Martin suffered a compound fracture of the bone, which pierced his skin as well, and was flown on Thursday night to Hamburg to go under the knife.
“The surgery went well. Martin will have to respect a period of rest of two weeks before resuming training,” a team statement read.
Had he been able to continue in the Tour, Martin would have been able to see his remaining team-mates help Mark Cavendish cross the line first on Stage 7. A calculated sprint finish saw the Briton claim his first stage victory at the Tour de France since 2013.
“I would like to thank all the people involved in my transportation to the hospital and the medical staff in Hamburg” Martin said.

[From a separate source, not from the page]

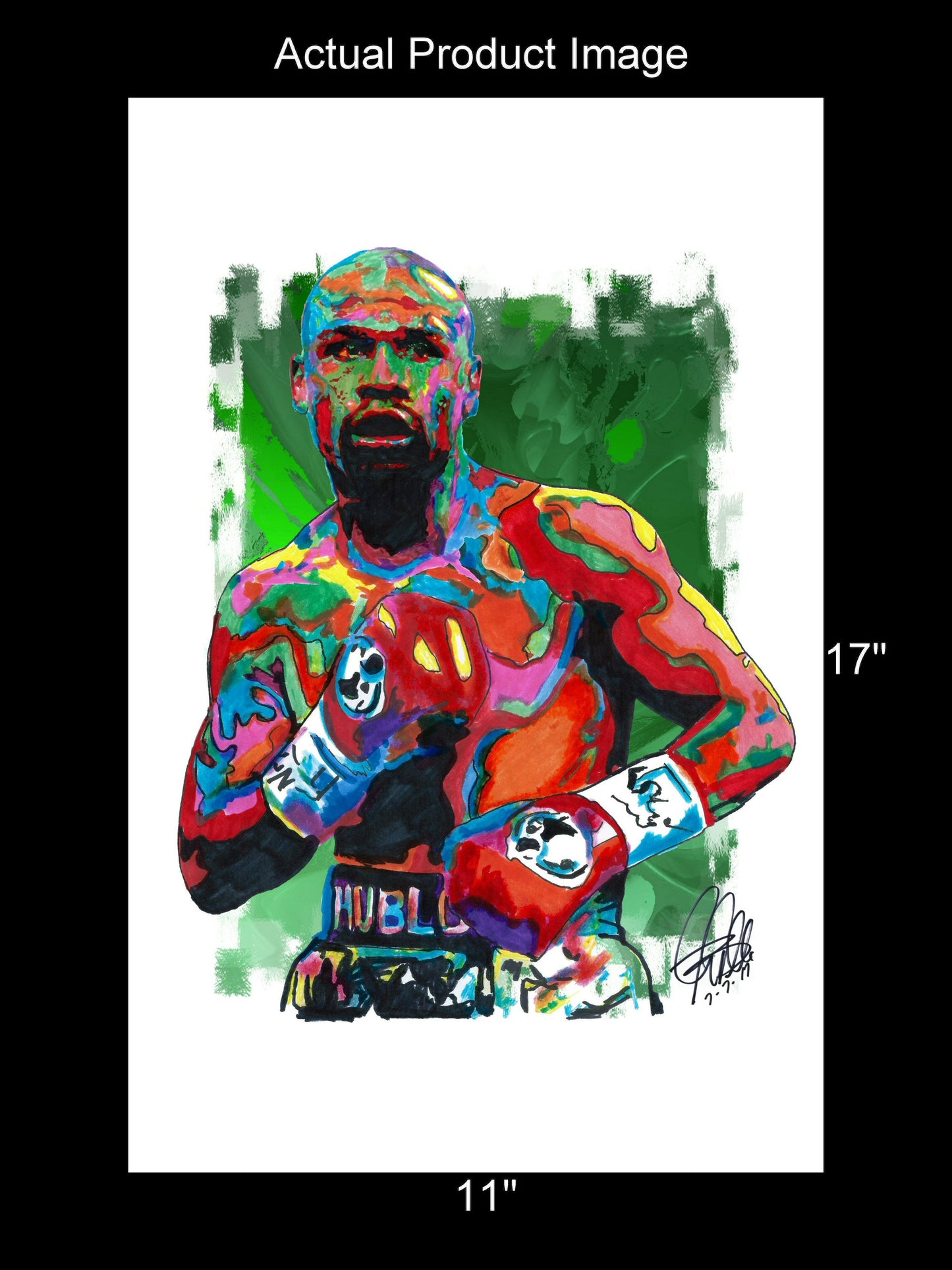 Floyd Mayweather Boxing Sports Poster Print Wall Art 11x17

“They were all amazing and they allowed me to undergo surgery in such a short time after the crash. In these situations, time is an important factor and we couldn’t have done better.
“I wish good luck to my team and to all the riders busy at the Tour. I will follow the race on TV today from the hospital. It will be strange, but that’s life and cycling.”
The 30-year-old German, a three-time UCI world time trial champion, remains positive after what can only be described as a rollercoaster first week at the Tour.
“I have to try to see the glass half full and keep the good memories,” he said.
“I had a great first part of the Tour with a great team around me. I won a stage and wore the yellow jersey for the first time in my career. A dream came true during this Tour and now I’m already looking forward to coming back one day again and living the great emotions of this race.”
Martin’s crash did not affect his position in the general classification ahead of Stage 7. He was 12 seconds ahead of Chris Froome (Sky), but the German was unable to start the stage as a result of his injury.
However Froome, the 2013 Tour de France champion, elected not to wear the iconic garment out of respect for his fellow professional, so the stage went ahead without anyone in the maillot jaune.
Froome did, though, take the jersey at the end of the stage, and the Team Sky leader will start Stage 8 with it on his back.